In simple terms, if a virtual machine or container (VM or CT) is configured as HA and there is a physical host failure the VM is restarted automatically on one of the other nodes in a cluster.
So with the Live Migration, we can move running virtual servers from one physical host to another without downtime.
The migration of a virtual machine, running from one physical host to another, is done without any interruption. In order to use the live migration, all virtual disks must reside on shared storage, between hosts, as a SAN or NAS,
It’s possible to achieve containers migration without downtime, even using local storage, so shared storage is not required. (No San or Nas)
Backup e Restore
The integrated backup tool (vzdump) creates snapshots of virtual guests both for OpenVZ and KVM.
In practice it creates a tarball of the VM or CT data that includes the virtual disks and all the configuration data.
- Completely working into a GUI, but it also works via CLI
- Live Backups via LVM snapshot
- job Scheduling of backup
- “Backup Now” through GUI
- Restore via GUI
- all jobs can be monitored via GUI
Proxmox VE uses the “bridge” network model.
All virtual machines can share the bridge, this is as if the network cables of all guest virtual machines were connected to the same switch.
To connect virtual machines to the outside world, the bridge is connected to the physical network adapters for the host server to which are assigned the network configurations.
For added flexibility, it supports VLANS (IEEE 802.1 Q), bonding and network aggregations.
This allows you to build complex flexible virtual networks for the hosts, by harnessing the full power of the GNU/Linux network stack.
Proxmox VE uses a highly flexible storage model.
Virtual machine images can be stored in local storage or shared storage such as SAN and NFS (for example using iSCSI or FC).
It supports the use of DRBD for KVM VM.
Storage technologies supported:
- Local Storage (required)
In short, all the available storage technologies supported by Debian Linux can be used.
Proxmox VE is simple to use.
There is no need to install a separate tool for management, or other additional management nodes or external database.
NO SPOF (Single Point of Failure) If you are already using a cluster, you can connect to any node to manage the entire cluster.
- Quick search interface, capable of handling thousands of VM
- Secure VNC Console, SSL support
- Wizard able to create virtual servers and containers
- Perfect integration with Proxmox VE 2.0 cluster
- Management of the permissions on all objects (VM, CT, Storage, etc)

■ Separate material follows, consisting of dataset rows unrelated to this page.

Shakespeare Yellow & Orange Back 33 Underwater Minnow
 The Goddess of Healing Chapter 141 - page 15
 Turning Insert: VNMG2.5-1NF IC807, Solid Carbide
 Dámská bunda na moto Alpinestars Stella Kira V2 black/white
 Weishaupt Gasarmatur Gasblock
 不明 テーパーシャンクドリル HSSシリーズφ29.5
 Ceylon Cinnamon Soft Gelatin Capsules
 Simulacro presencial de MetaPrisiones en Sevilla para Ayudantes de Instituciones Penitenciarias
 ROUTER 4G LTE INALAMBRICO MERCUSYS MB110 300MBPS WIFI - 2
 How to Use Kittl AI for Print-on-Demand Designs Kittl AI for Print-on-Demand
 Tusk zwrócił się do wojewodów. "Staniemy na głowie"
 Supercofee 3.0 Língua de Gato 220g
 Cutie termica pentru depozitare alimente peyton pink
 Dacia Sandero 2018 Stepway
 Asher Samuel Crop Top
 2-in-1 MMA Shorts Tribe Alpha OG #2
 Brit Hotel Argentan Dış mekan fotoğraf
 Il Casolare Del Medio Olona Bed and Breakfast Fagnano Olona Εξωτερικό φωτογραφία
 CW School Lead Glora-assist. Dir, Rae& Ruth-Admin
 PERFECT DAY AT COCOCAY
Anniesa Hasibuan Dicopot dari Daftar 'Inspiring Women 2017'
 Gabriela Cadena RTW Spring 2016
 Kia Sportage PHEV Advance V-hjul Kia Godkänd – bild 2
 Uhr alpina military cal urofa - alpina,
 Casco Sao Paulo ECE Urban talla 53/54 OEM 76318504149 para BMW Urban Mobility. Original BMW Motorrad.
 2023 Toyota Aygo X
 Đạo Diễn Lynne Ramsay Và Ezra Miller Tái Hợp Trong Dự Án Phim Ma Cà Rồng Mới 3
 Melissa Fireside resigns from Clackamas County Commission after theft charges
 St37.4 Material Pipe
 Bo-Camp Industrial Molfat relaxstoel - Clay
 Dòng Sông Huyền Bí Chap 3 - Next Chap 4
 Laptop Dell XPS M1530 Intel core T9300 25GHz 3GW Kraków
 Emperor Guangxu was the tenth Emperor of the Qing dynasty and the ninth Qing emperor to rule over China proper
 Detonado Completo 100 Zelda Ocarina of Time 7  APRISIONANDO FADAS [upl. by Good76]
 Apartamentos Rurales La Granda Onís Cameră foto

- Support of multiple authentication sources (AD MS, local, LDAP)
- AJAX Technologies for dynamic updates of resources
The Proxmox VE motto is “Liberate your servers and move to Virtualization Platform – Go Open Source!” and I totally agree with them, their technology seem really interesting and for sure is worth a try if you are in need of a Virtualization Platform.
And once again thanks to Ivan Zini for his nice presentation of this software.